Antes de imaginar suas poligonias, como imaginar sonetos ou haikai? Segundo o próprio Ernesto, o soneto é uma estrutura. Mas o que isso significa? Quando se diz que poesia se faz com palavras, uma opinião bastante vulgar assoma: “como assim? A poesia é feita com sentimentos, coisas indefinidas, imaginação… as palavras apenas expressam isso”. A linguagem não é, porém, reflexo das coisas do mundo e dos sentimentos humanos – inclusive os sentimentos vagos e indefinidos –; a linguagem, por ser suporte do pensamento, dá sentido ao homem e a seus mundos possíveis. Por isso mesmo, quando se diz que a poesia se faz com palavras, estamos dizendo que as palavras geram os homens e sua poesia. As formas poéticas, desse ponto vista, são estruturas capazes de gerar pensamentos e tudo que deriva deles; é desse ponto de vista que sonetos, haicai etc. são estruturas.

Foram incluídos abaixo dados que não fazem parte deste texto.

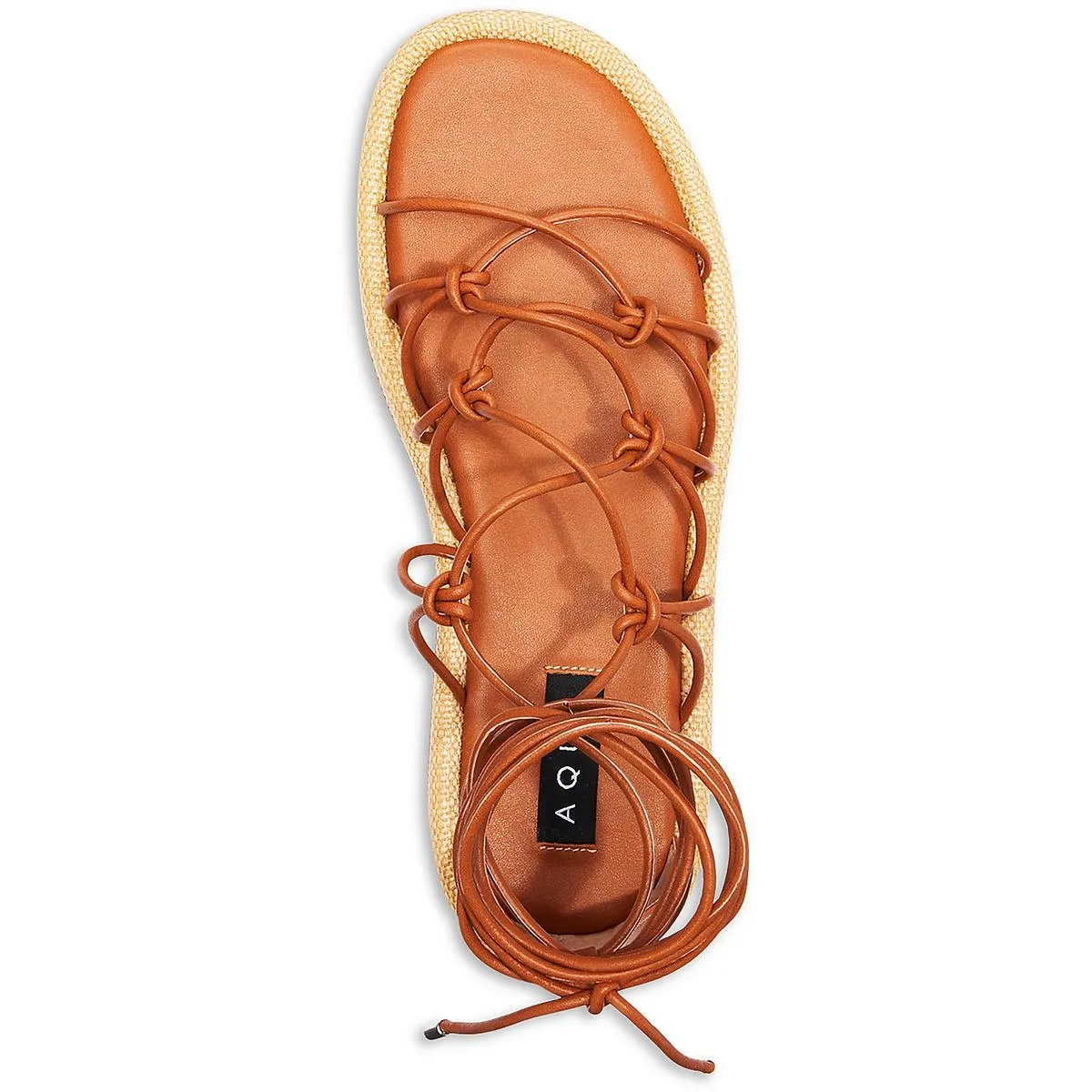 Aqua Womens Emil Leather Strappy Gladiator Sandals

As estruturas não são construções estáticas, mas formas dinâmicas, próprias para o êxtase. Ao encontro disso, Ernesto se vale do neologismo “poligonia” em, pelo menos, duas acepções da palavra: (1) poligonia aponta para a multiplicidade, deriva de polígono, aquele que tem muitos lados; (2) poligonia quer dizer agonia múltipla, significa a morte das formas, mas não a morte fim, significa a morte necessária para mudar.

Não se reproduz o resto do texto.